(Beginning of Excerpted data)

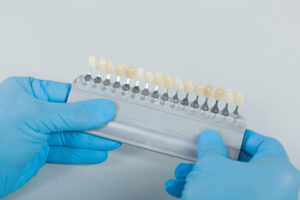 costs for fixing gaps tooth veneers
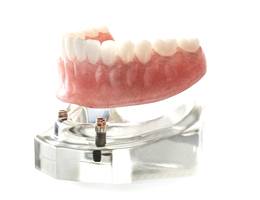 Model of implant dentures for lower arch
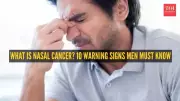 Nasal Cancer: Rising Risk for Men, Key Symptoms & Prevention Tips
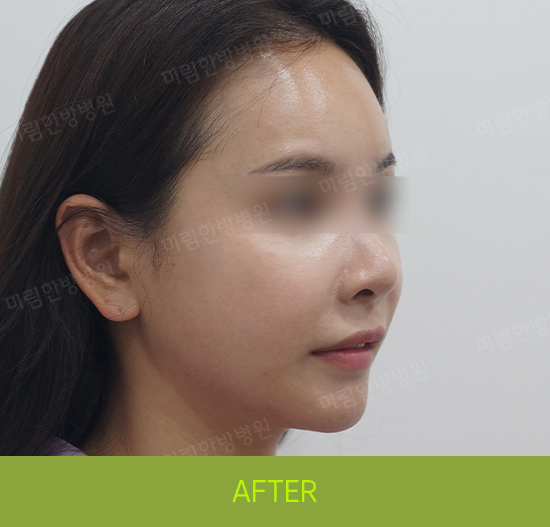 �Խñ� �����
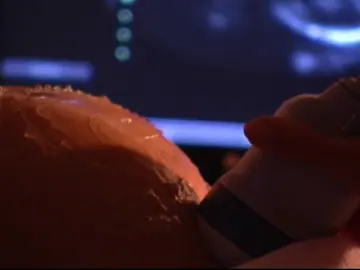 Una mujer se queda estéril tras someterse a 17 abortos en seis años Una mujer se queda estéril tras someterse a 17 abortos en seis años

(End of Excerpted data)
(Beginning of Excerpted data)

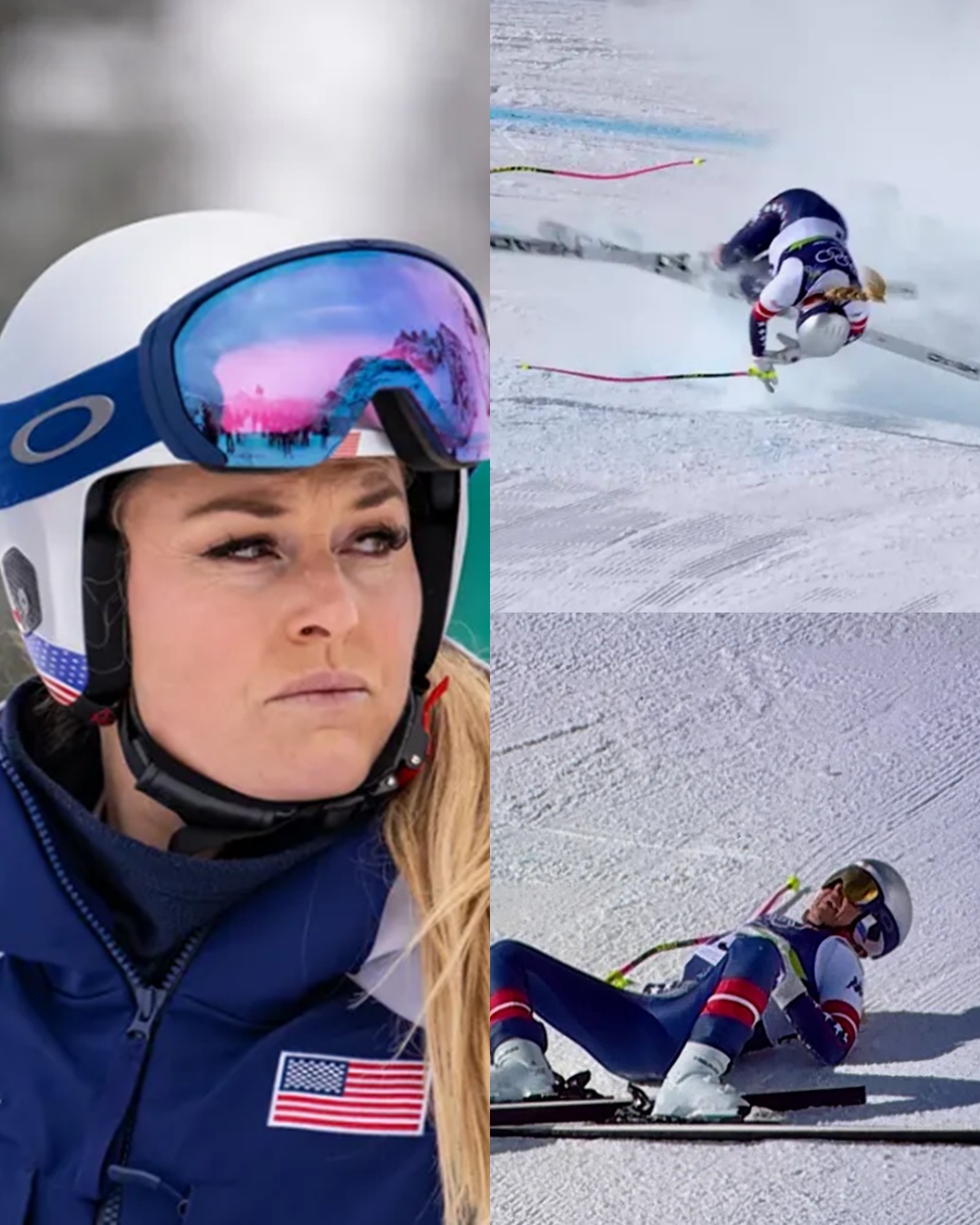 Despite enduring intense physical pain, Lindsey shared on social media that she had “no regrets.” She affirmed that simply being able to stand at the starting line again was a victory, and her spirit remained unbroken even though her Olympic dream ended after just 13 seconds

(End of Excerpted data)

- Try it -
Please print the lines above word for word, starting at the one with "costs for fixing gaps tooth veneers" and ending at the one with "seis años Una", both included, and without any picture.

- Response to this exercise -
 costs for fixing gaps tooth veneers
 Model of implant dentures for lower arch
 Nasal Cancer: Rising Risk for Men, Key Symptoms & Prevention Tips
 �Խñ� �����
 Una mujer se queda estéril tras someterse a 17 abortos en seis años Una mujer se queda estéril tras someterse a 17 abortos en seis años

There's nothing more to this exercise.